Department of Primary Care and Public Health, Brighton and Sussex Medical School, Brighton, UK.
Research & Development Department, Sussex Partnership NHS Foundation Trust, Brighton, UK.
J Pain Symptom Manage. 2021 Aug;62(2):312-325.e2. doi: 10.1016/j.jpainsymman.2020.12.007. Epub 2020 Dec 19.
Palliative care remains suboptimal in end-stage liver disease (ESLD).
We report qualitative outcomes from the REDUCe study. We aimed to explore and contrast experiences/perceptions/care pathways of patients with refractory ascites due to ESLD randomized to either palliative long-term abdominal drains (LTADs) (allow home drainage) vs. large volume paracentesis (LVP) (hospital drainage).

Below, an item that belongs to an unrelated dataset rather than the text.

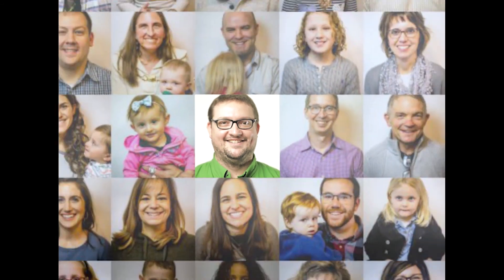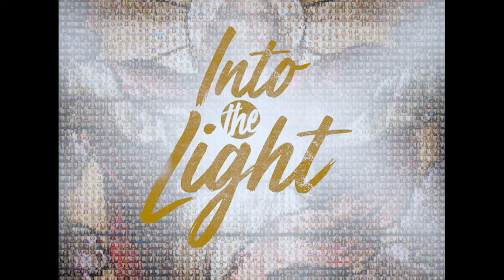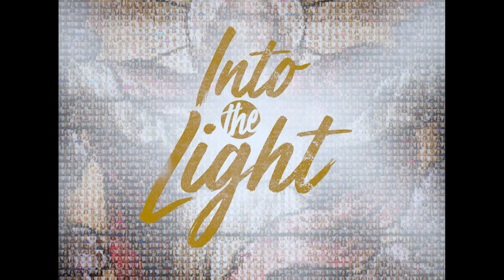This is my resurrection story out of darkness and into the light. Thank you.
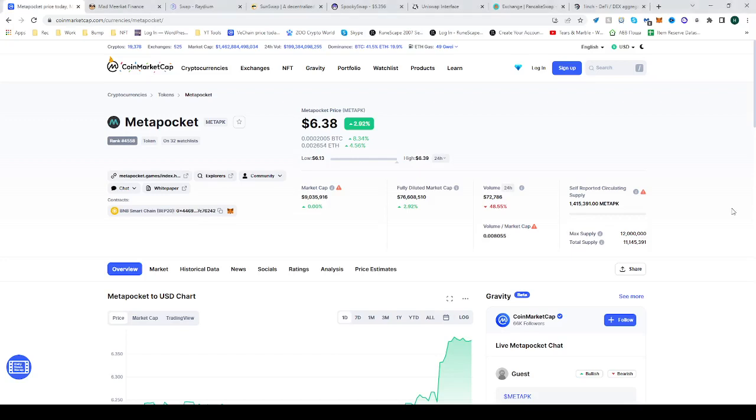In today's video, I'll be showing you how to buy the MetaPocket token, MetaPK. There it is.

Concurrent embedded qualitative study in a 12-week feasibility randomized controlled trial. Telephone interviews were conducted, data being recorded, transcribed verbatim, and analyzed using applied thematic analysis, considered in terms of a pathway approach toward accessing health care. Quantitative outcomes were collected (integrated palliative outcome scale, short-form liver disease quality of life, EQ-5D-5 L, Zarit Burden Interview-12).
Fourteen patients (six allocated LTAD and eight LVP) and eight nurses participated in the qualitative study. The patient journey in the LVP group could be hindered by challenges along the entire care pathway, from recognizing the need for drainage to a lengthy wait in hospital for drainage and/or to be discharged. These issues also impacted upon caregivers. In contrast, LTADs appeared to transform this care pathway at all levels across the patient's journey by removing the need for hospital drainage. Additional benefits included personalized care, improved symptom control of ascites, being at home, and regular support from community nurses. Nurses also viewed the LTAD favorably, though expressed the need for additional support should this become standard of care.
Patients and nurses expressed acceptability of palliative LTAD in ESLD and preference for this approach in enabling care at home. Proceeding to a definitive trial is feasible.
ISRCTN30697116, date assigned: 07/10/2015.
终末期肝病(ESLD)的姑息治疗仍然不尽如人意。
我们报告 REDUCe 研究的定性结果。我们旨在探讨和对比因 ESLD 而出现难治性腹水并随机分配到姑息性长期腹腔引流(LTAD)(允许家庭引流)与大容量腹腔穿刺(LVP)(医院引流)的患者的经验/看法/护理途径。
在一项为期 12 周的可行性随机对照试验中进行同期嵌入式定性研究。进行了电话访谈,记录数据,逐字转录,并使用应用主题分析进行分析,从获得医疗保健的途径方法考虑。收集了定量结果(综合姑息治疗结局量表、简短肝病生活质量量表、EQ-5D-5L、Zarit 负担访谈-12)。
14 名患者(6 名分配到 LTAD,8 名分配到 LVP)和 8 名护士参加了定性研究。LVP 组的患者旅程可能会受到整个护理途径各个环节的挑战,从识别引流的需求到在医院长时间等待引流和/或出院。这些问题也影响到照顾者。相比之下,LTAD 似乎通过消除对医院引流的需求,改变了患者旅程中的所有护理途径。额外的好处包括个性化护理、腹水症状控制改善、在家中以及社区护士的定期支持。护士也对 LTAD 持肯定态度,但表示如果这成为护理标准,他们需要额外的支持。
患者和护士对 ESLD 姑息性 LTAD 的可接受性表示接受,并对这种使家庭护理成为可能的方法表示偏好。进行确定性试验是可行的。
ISRCTN30697116,分配日期:2015 年 10 月 7 日。